[Ffmpeg-devel-irc] ffmpeg-devel.log.20140206

Fri Feb 7 02:05:03 CET 2014

[00:40] <cone-691> ffmpeg.git 03Janne Grunau 07master:5a0bccd2810d: fate: force the simple idct for xvid custom matrix test
[00:40] <cone-691> ffmpeg.git 03Michael Niedermayer 07master:927696aab258: Merge remote-tracking branch 'qatar/master'
[02:41] <cone-691> ffmpeg.git 03Timothy Gu 07master:4a37e2977cb2: libfdk-aacenc: disable hard version requirements
[02:42] <BBB> Skyler_: oh wow thanks
[02:42] <BBB> ubitux: really anything is fair game now, I don't think anything in particular is pressing anymore - really whatever you fancy
[02:45] <BBB> ubitux: I think skyler's idea has merit btw, I was pretty much ready to move the /= 2 out of the loop (see my patchset), and then it may help
[02:46] <BBB> ubitux: and as for simd, perhaps we're at a point where we need to start thinking about avx2
[02:47] <BBB> ubitux: that'll be a whole new world of fun, and things like mc can easily shave off another few percent
[02:53] <BBB> ubitux: also I think the reason it's long in that instruction is because you just loaded ecx from memory 2 lines up, so it's still waiting for cl to finish loading (load latency, basically)
[02:55] <BBB> ubitux: (and Skyler_ also) another thing is prefetch - absolutely nothing done there, and given the massive waits in the load statements of mc, I think that can gain another few %s
[02:59] <cone-691> ffmpeg.git 03Loren Merritt 07master:9c978f243a47: flac/x86: add ff_flac_lpc_32_sse4()
[03:00] <michaelni> BBB, btw do you want to mentor anything (in case ffmpeg is accepted this year) ?

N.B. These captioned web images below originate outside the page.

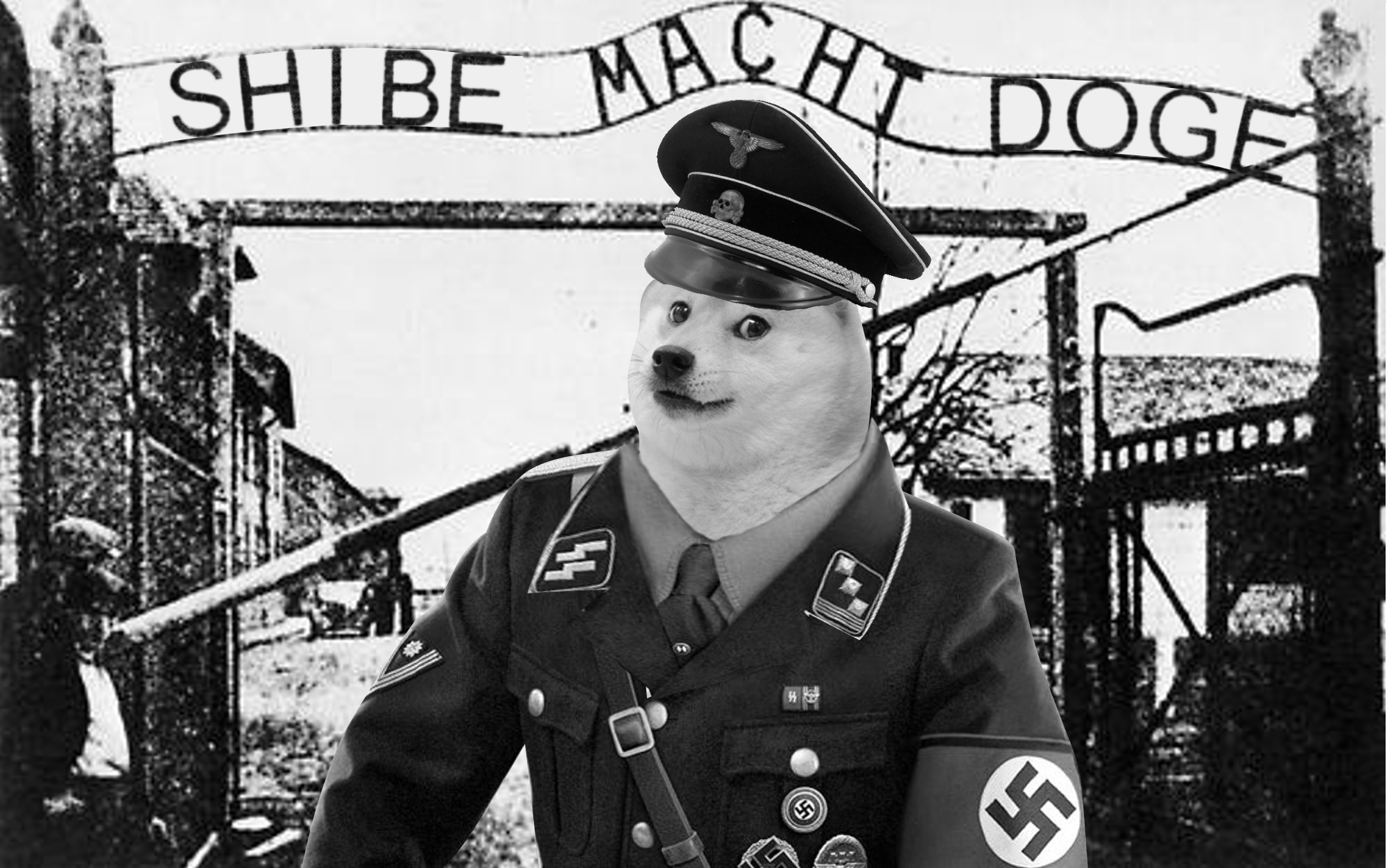 such doge such swastika wow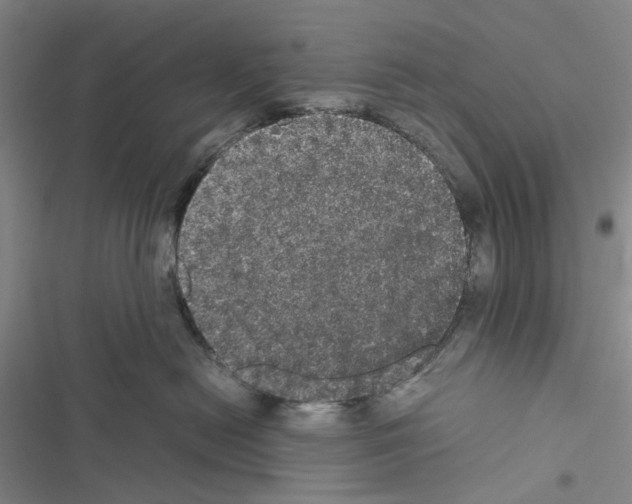 X0000116440478201001191535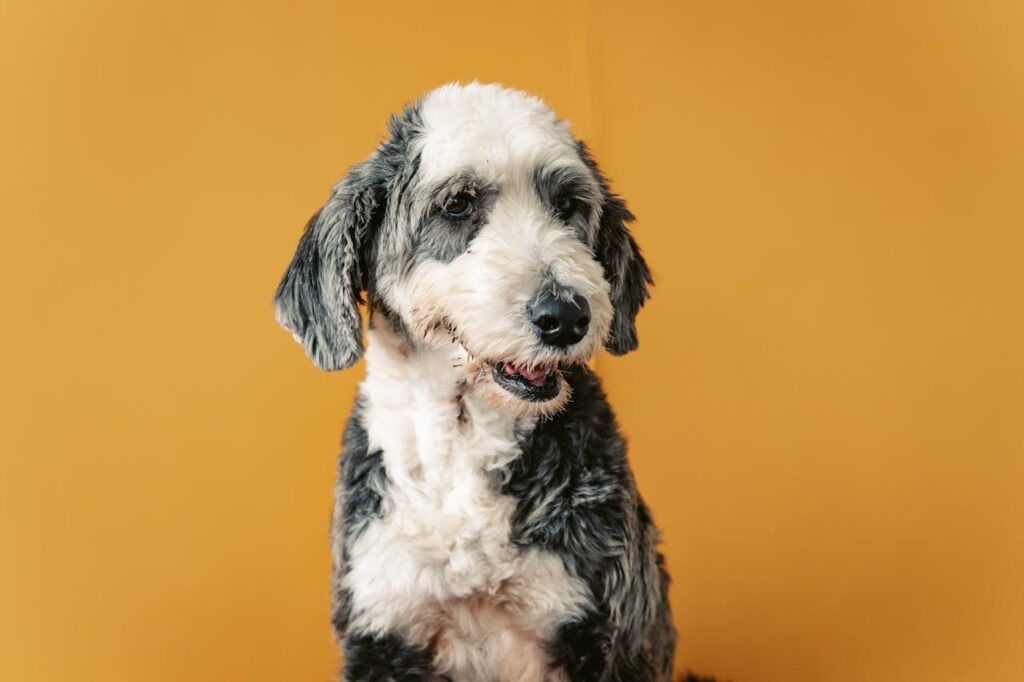 Old english sheepdog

[03:00] <BBB> michaelni: it's kind of tricky because I'm only online 30 minutes a day...
[03:01] Action: michaelni is impressed by how much BBB can do in 30 min per day
[03:01] <BBB> it's mostly weekend stuff ;)

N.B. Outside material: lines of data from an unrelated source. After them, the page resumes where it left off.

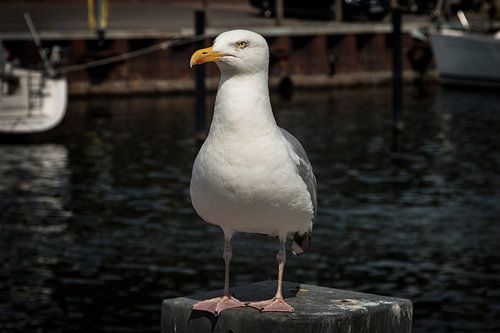 Meeuw op observatiepost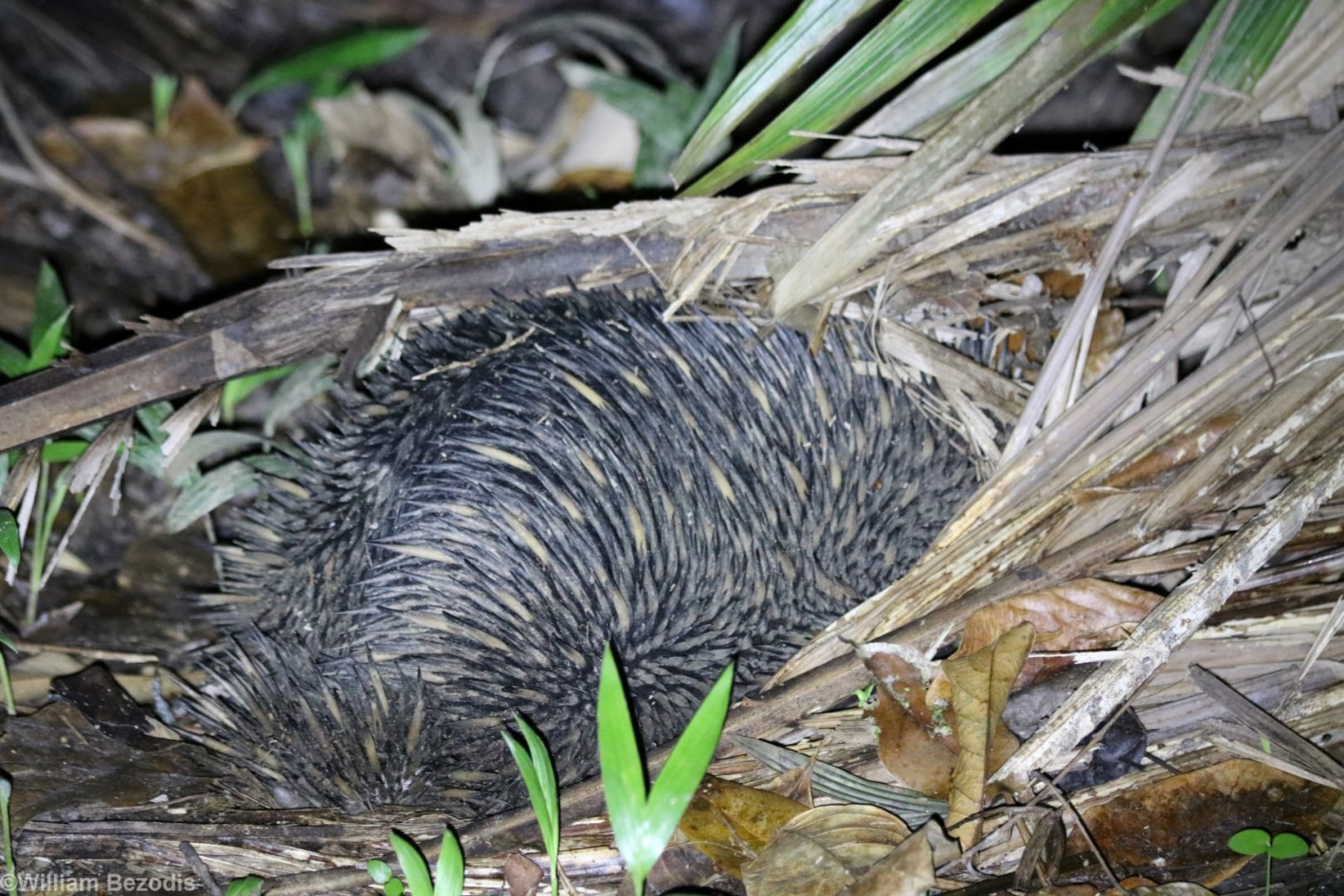 Short-beaked Echidna at the Cairns Botanic Garden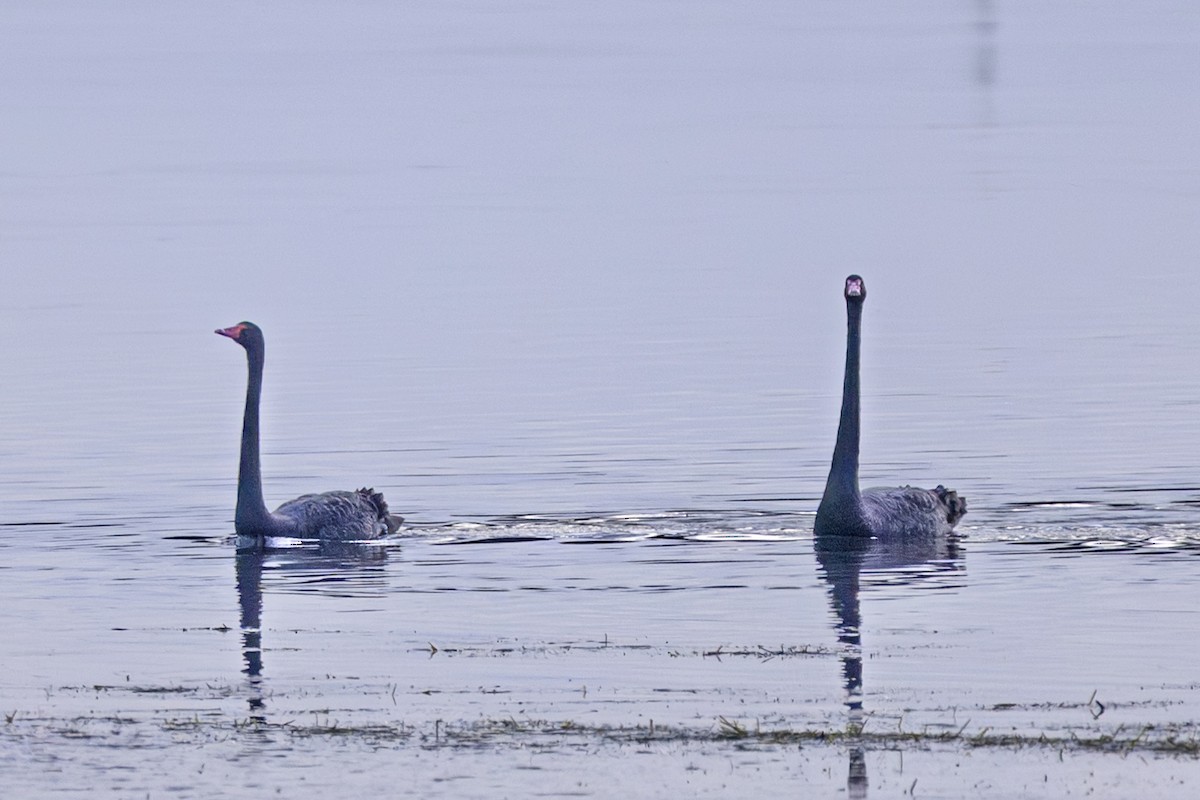Black Swan - ML645630856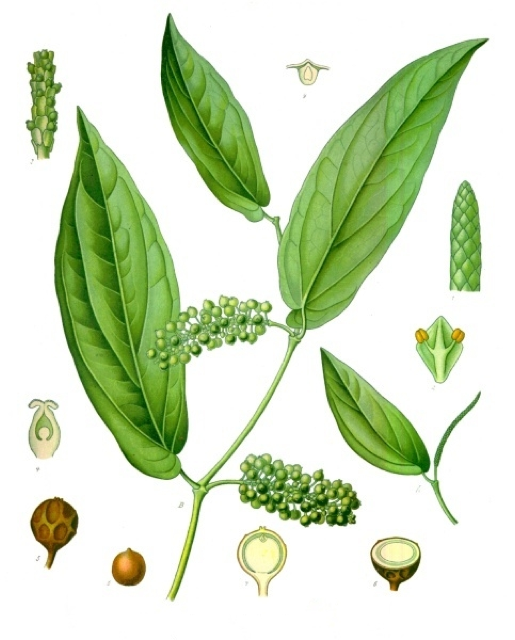 Ilustración botánica de Piper cubeba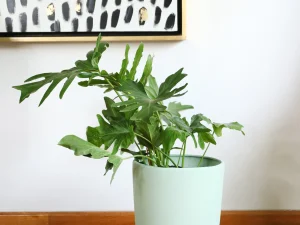 Maceta Terracota Forma de Bala 35 x 44 cm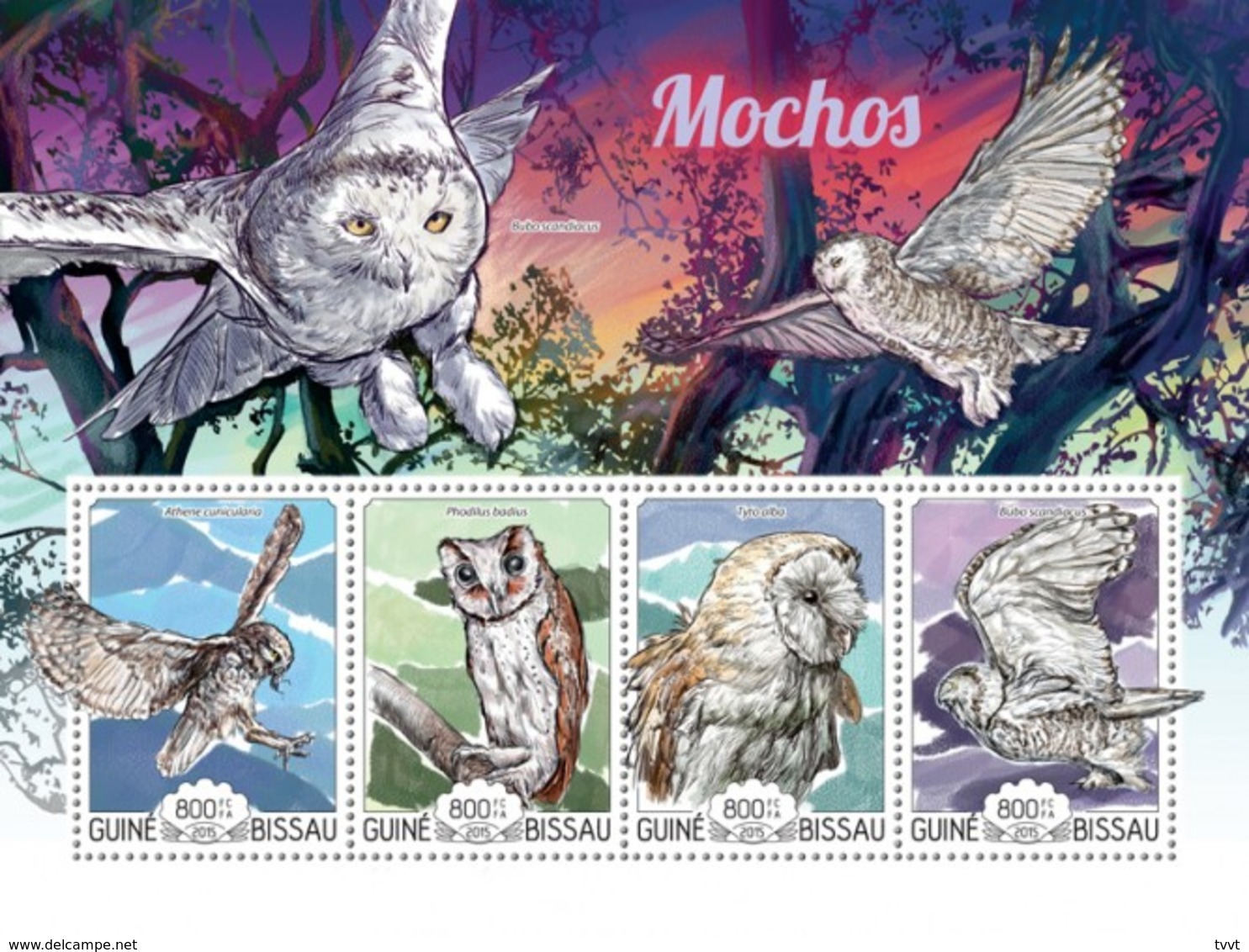 Guinea-Bissau, 2015. [gb15203] Birds, Owls (s\s+block) - Owls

[03:02] <BBB> can smarter mentor someone? or does he want to be a student?
[03:03] <michaelni> if he wants yes of course he can
[03:04] <smarter> I don't think I'll have the time to do either :)
[03:04] <michaelni> :(
[03:07] <smarter> if I have the time I may work informally on some stuff, like some basic 32 bits vp9 asm
[05:09] <rcombs> can AVCodec.encode_sub() access the AVPacket for the subtitle being encoded? (Is there one?)
[07:26] <ubitux> BBB: oh sure it probably has merit, i was just merely testing it :p
[07:26] <ubitux> BBB: about avx2 i'm still waiting for the hw to arrive, dunno how long it will take..
[09:17] <Skyler_> BBB: did the patch help at all for you?  I guess I'd divide it into ~2-3 separate ideas
[09:27] <ubitux> anyone a bit familiar with the build system to explain me why something like --disable-all --enable-ffmpeg doesn't actually build ffmpeg?
[09:35] <nevcairiel> probably lacks a dep which is not automatically enabled
[09:38] <ubitux> the _select entries are not enabled
[09:41] <ubitux> actually, the _deps aren't either
[09:43] <ubitux> oh well, whatever
[09:55] <ubitux> for some reason, i have fate-vp9 mismatches when building ffmpeg with ./configure --disable-everything --enable-decoder=vp9 --enable-demuxer=matroska --enable-muxer=null,framemd5 --enable-encoder=rawvideo --enable-protocol=file,pipe --disable-programs --disable-doc --enable-ffmpeg
[09:55] <ubitux> like, md5 are mismatching
[09:56] <ubitux> maybe because of something missing in sws
[11:31] <j-b> drv: ping
[11:48] <wm4> so, could OpenMAX (IL or DL) not be supported by libavcodec?
[12:07] <av500> sure
[12:08] <av500> you can glue it in
[12:08] <av500> (and cry)
[12:54] <BBB> Skyler_: will try over the weekend, didn't test yet (hard to do on weekdays)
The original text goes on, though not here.